Golden Week visitor surge should have benefited retailers

Soaring numbers of Mainland Chinese tourists over Golden Week should have boosted retailers in the lower sectors of the market.

Thanks to the new ‘One Bridge-One Rail’ network seamlessly linking Hong Kong with the mainland, and a slightly extended Golden Week this year, arrival numbers were up by more than 59 per cent over last year, setting a record of almost 1 million.

Veronica Wang, partner at OC&C Strategy Consultants, said for most, shopping and sightseeing were their core missions.
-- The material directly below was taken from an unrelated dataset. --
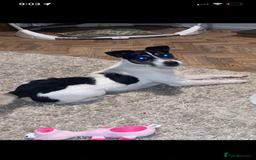 Jack Russell dogs for sale: Russle - Image 2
But more were checking in at trendy “Insta-worthy” places, a rapidly growing attraction for visitors, especially millennials and Gen Zers.

“This Golden Week has seen once non-touristy places such as Sai Wan public cargo working area and Pavilion of Harmony at CUHK become crowded with tourists,” she said.

“KOLs and social media in China play a huge role in creating this trend. Those places have been recommended as niche and unique by KOLs on Red, a popular social shopping platform from Mainland China, which attract younger generation tourists who are more under the influence of social media and eager to stand out from cliché photos at the Avenue of Stars or Victoria Peak.”

While overall visitor numbers from the mainland are up, many commentators have cautioned that the overall demographic is shifting to people from third-tier cities and below with less discretionary income than their counterparts in tier 1 and 2 cities. This means they are likely to spend less on luxury goods, gravitating more to categories such as cosmetics and food.

The latest retail spending figures for Hong Kong, covering March and before Golden Week, showed a negligible 0.2 per cent decline in retail sales year on year, and a 1.2 per cent decline for the first quarter. It will be another four weeks before official government figures show the effect of visitor arrivals on retail sales in April.